A noi sembra opportuno ricordare la necessità di agganciare l'obbligo ad una finalità/terminalità sensata e spendibile sul mercato del lavoro.

Ci sembra francamente privo di senso che il fine e il risultato di un obbligo di tale portata sia solo quello di sentirsi finalmente e semplicemente disobbligati.

Occorre diffidare dei vuoti formalismi e pensare che la frequenza scolastica serve solo se consente una riuscita formativa.

Ma non va in questa direzione e non ci induce all'ottimismo quanto avviene in questi giorni a proposito di organici.

La Finanziaria non aiuta certo la scuola "tagliando" organici e penalizzando le aree e gli alunni con più fragilità e più problemi.

Ci chiediamo allora che valore ha ritrovare la scuola fra le priorità del "dodecalogo" del sopravvissuto Governo Prodi, se poi, a 15 mesi dalla sua scadenza, non si riesce neanche a riavviare il tavolo per il rinnovo contrattuale 2006/09.

E' questo un fatto incredibile e impensabile, la negazione di un diritto talmente ovvio che non si può intendere che come provocazione.

Coerenza politica e decenza nella pratica del buon governo imporrebbero di utilizzare parte delle cospicue ed impreviste nuove entrate fiscali di cui il governo è beneficiario per avviare un vero grande investimento sulla scuola a cominciare da un doveroso adeguamento degli stipendi del personale ai parametri europei.

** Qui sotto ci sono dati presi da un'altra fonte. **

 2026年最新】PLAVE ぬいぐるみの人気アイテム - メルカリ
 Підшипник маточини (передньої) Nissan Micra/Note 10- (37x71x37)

Sarebbe questa la condizione prima e indispensabile perché l'istruzione, il sapere, la scuola fossero avvertiti veramente come settori trainanti dello sviluppo del paese. E, invece, sono negati anche quei 200 milioni di euro che sono "frutto" di risparmi interni alla scuola.

Così tutti i "nodi" arrivano al "pettine" e per scioglierli non possiamo che ricorrere alle forme di lotta più dure e quindi alla proclamazione di uno sciopero generale della categoria.